Michael Rosemann, Queensland University of Technology, Australia, email@example.com
Michael zur Muehlen, Howe School of Technology Management, United States of America, firstname.lastname@example.org
Maximilian Roeglinger, University of Augsburg, Germany, email@example.com
Business Process Management (BPM) is comprised of concepts, methods, and tools dedicated to the identification, capture, improvement, implementation, and execution of organizational processes. BPM draws from and interacts with established concepts such as Total Quality Management, Business Process Reengineering, and Six Sigma. Moreover, BPM is supported by technologies such as workflow automation and service-oriented computing. Business Process Automation promises significant efficiency gains through standardized process flows, automated resource allocation, and application integration in the process context.
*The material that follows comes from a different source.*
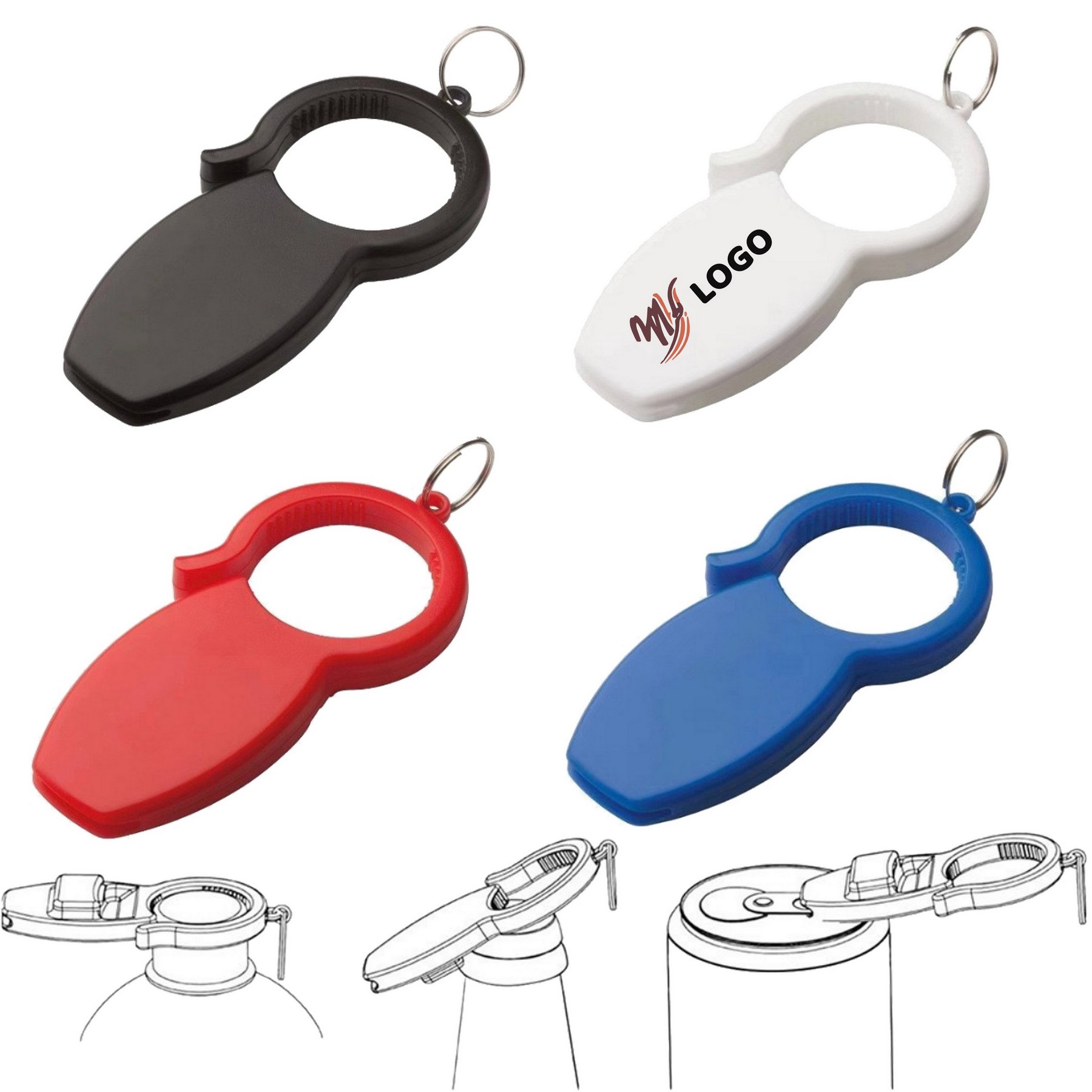 3-in-1 Bottle Opener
BPM is in high demand due to the ongoing pressure to improve operational efficiencies, opportunities related to process outsourcing/off-shoring, and compliance requirements that mandate standardized processes. Industry analysts such as the Gartner Group have identified BPM as a top priority of CIOs for the last eight years.
The technical questions of modeling, simulating, and executing processes have been studied extensively in the past, but little work has been published about the adoption, use, and organizational consequences of BPM since the first wave of papers on Business Process Reengineering in the early 1990s. This is notable because the technology underlying BPM has matured significantly since then, and the organizational uptake of BPM technology is widespread.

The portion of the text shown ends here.